§ **WORK ITEM**: The lines you should transcribe are those from the one containing "Load image 1" to the end of the listing below, exactly, with pictures left out.

§ **STORED DATA**:
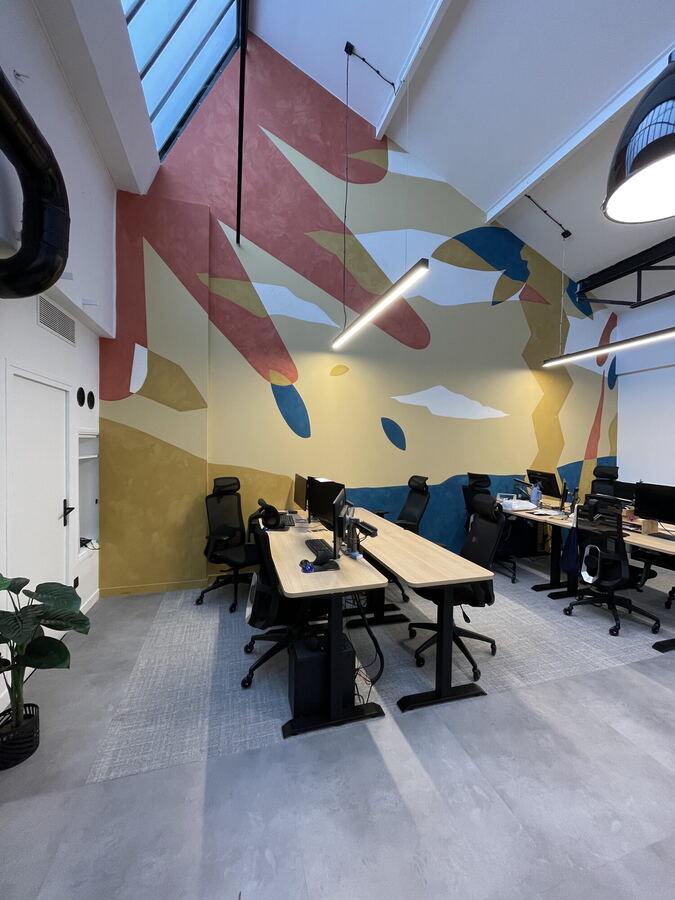 Fresque murale Reality Academy — Atelier Nickel Chrome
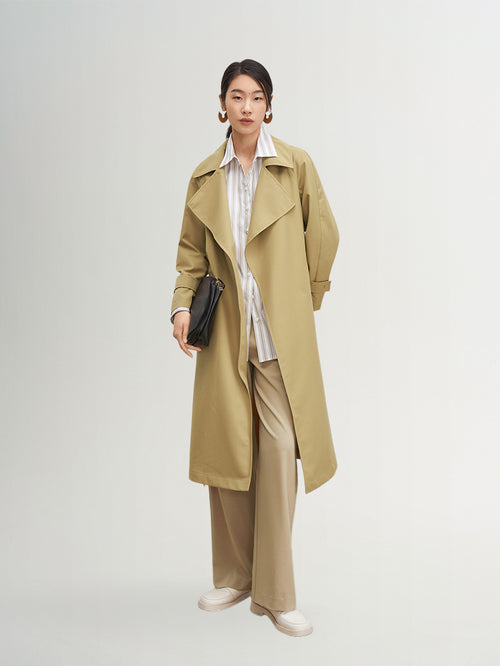Load image 1 in gallery view. Oversized Collar Trench Coat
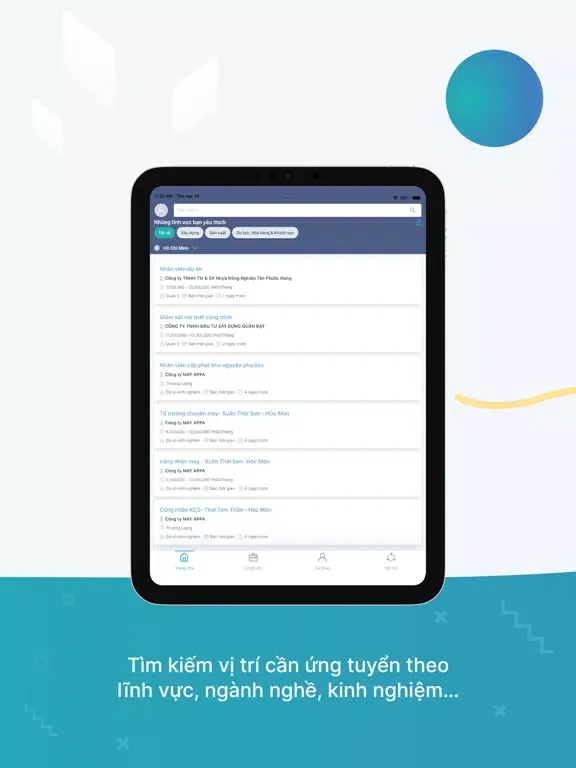 bravoTALENT - Việc Làm Ngon iPad  Screenshots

§ **EXERCISE ANSWER**:
Load image 1 in gallery view. Oversized Collar Trench Coat
 bravoTALENT - Việc Làm Ngon iPad  Screenshots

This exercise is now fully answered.